A Hunger for Knowledge
A chemist in the College of Arts and Sciences has been awarded a major grant extension, enabling him to continue studying a rare genetic disorder known as Prader-Willi Syndrome (PWS).
James Hougland, assistant professor of chemistry, has received an additional $76,000 from the Foundation for Prader-Willi Research to build on his previous study of insatiable hunger associated with PWS. He plans to use the extension to investigate biochemical signaling in hunger, in hopes of finding a treatment for PWS.
Hougland says that people afflicted with PWS know all too well the intense desire to eat, independent of how much food they consume. “You know what it’s like to have an itch in the middle of your back that you can’t scratch?” he asks. “Imagine that’s hunger. Even if they eat enough, PWS patients still feel hungry.”
Insatiable hunger in PWS is of particular concern to Hougland because it can lead to morbid obesity. In fact, cardiovascular conditions resulting from obesity have been a source of PWS-associated mortality.
The Hougland Lab focuses on the biochemical pathway underlying hunger signaling. Much of their work involves the “hunger hormone” ghrelin, which is produced by cells in the gastrointestinal tract. Ghrelin then enters the bloodstream and is transported to the hypothalamus in the brain, where it signals hunger. Only when one eats do ghrelin levels drop, thus turning off the impulse to consume more.
With PWS, insatiable hunger results when ghrelin signaling has gone awry: levels remain high and don’t cycle down after eating. One way to tackle this problem, Hougland says, is to stop the manufacture of the mature ghrelin protein.
This is done with an enzyme called ghrelin O-acyltransferase (GOAT). Before ghrelin can tell the brain it is hungry, GOAT tacks on a fatty acid chain to the signaling molecule. Hougland is using his grant award, as well as its extension, to figure out how to inhibit GOAT from adding this fatty acid.
“Because PWS is a genetic syndrome, you can’t cure it, but you can certainly treat the symptoms,” he says. “Even if PWS patients are overproducing ghrelin, we can try to block the enzyme that activates ghrelin. This will cause them to pump out an inactive form of it to blunt the hunger signal.”
Under the original grant, the Hougland Lab identified a number of molecules that block GOAT from activating ghrelin. Kayleigh McGovern, a Ph.D. candidate in chemistry, recalls screening a library of different molecules for their potential to block GOAT activity. “I was very excited to identify a new inhibitor out of this library screen and to start figuring out which components of the molecule are important for inhibition,” she says.
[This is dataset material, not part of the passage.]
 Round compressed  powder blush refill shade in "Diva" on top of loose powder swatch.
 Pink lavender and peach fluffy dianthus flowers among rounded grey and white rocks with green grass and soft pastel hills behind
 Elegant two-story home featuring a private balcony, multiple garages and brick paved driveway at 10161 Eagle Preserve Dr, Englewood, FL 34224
The PWS grant extension enables the Hougland Lab, along with collaborators at Purdue University, to take the information they have learned about molecules that stop GOAT’s action to create synthetic blockers that work even better. “We’ve moved beyond identifying inhibitors, and are now working on optimizing and creating the next generation of them,” Hougland says.
McGovern looks forward to investigating how GOAT performs the fatty acid transfer to ghrelin under the grant extension. “If we can figure this out, we’ll be better equipped to design inhibitors based on its mechanism,” she says.
McGovern is part of the team studying GOAT signaling, which has included a total of four graduate students and seven undergraduates from the Hougland Lab. “We’re one of the leading groups studying GOAT and ghrelin biochemistry,” Hougland says, adding that the team has built “considerable momentum” with their work. “The grant extension will keep pushing us forward, developing research tools and enhancing the discoveries we’ve made.